◆ The task
Output exactly the lines of the listing below that run from the line with "In this case, these" through the line with "This rule does". No pictures.

++++ Data for the task

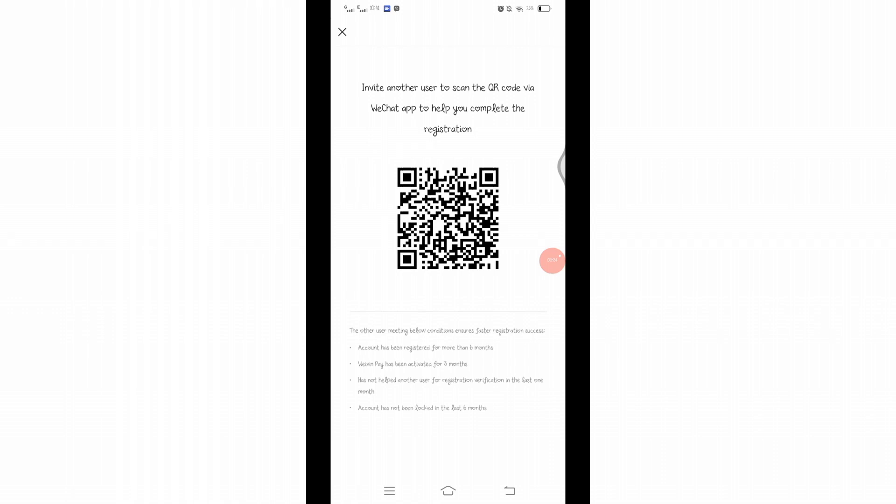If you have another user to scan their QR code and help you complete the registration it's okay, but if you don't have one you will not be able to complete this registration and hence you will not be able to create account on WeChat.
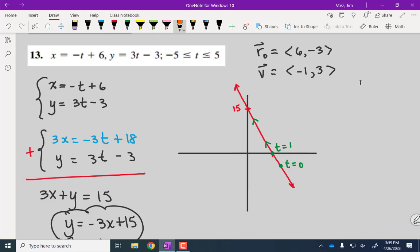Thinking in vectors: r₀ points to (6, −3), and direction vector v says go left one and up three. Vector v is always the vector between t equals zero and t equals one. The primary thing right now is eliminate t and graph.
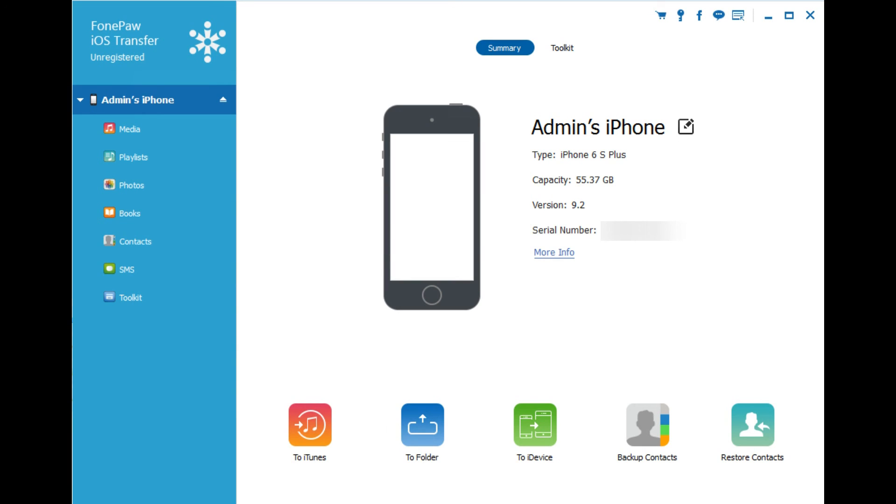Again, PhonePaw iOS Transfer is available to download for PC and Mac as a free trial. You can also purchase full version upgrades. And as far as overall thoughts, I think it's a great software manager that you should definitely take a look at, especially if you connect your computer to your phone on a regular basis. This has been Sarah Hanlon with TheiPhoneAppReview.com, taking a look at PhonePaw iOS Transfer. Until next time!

++++++++
++++ Data for the task

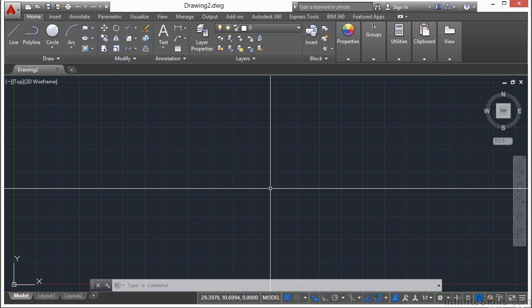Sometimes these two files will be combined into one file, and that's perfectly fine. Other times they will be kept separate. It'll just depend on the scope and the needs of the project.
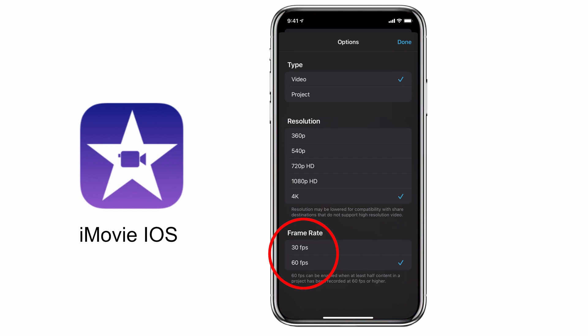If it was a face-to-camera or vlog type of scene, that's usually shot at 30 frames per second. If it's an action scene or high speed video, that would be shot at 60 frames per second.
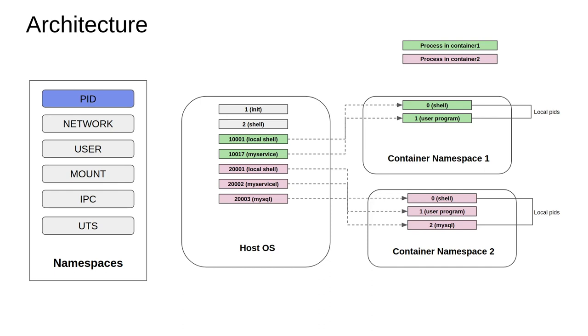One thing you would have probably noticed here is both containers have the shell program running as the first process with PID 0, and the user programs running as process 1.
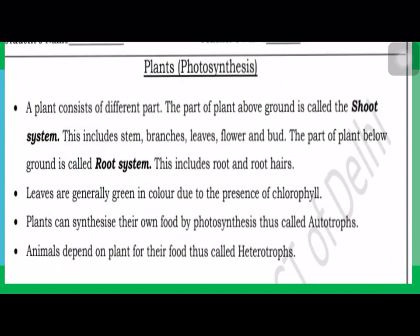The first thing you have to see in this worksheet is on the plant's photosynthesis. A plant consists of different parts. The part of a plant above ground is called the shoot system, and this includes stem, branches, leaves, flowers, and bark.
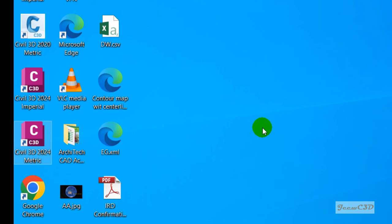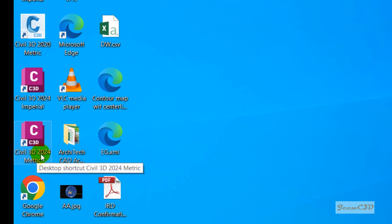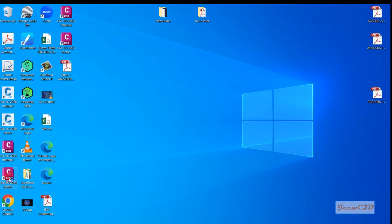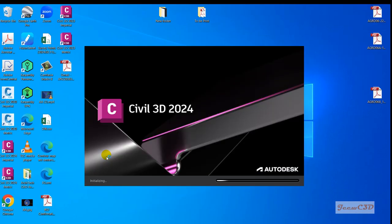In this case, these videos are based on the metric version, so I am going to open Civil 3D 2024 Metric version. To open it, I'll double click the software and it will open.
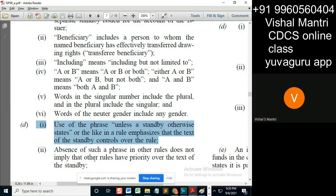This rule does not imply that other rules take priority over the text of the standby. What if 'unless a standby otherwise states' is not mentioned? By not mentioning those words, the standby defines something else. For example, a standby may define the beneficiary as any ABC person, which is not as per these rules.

++++++++

◆ Exercise output
In this case, these videos are based on the metric version, so I am going to open Civil 3D 2024 Metric version. To open it, I'll double click the software and it will open.
This rule does not imply that other rules take priority over the text of the standby. What if 'unless a standby otherwise states' is not mentioned? By not mentioning those words, the standby defines something else. For example, a standby may define the beneficiary as any ABC person, which is not as per these rules.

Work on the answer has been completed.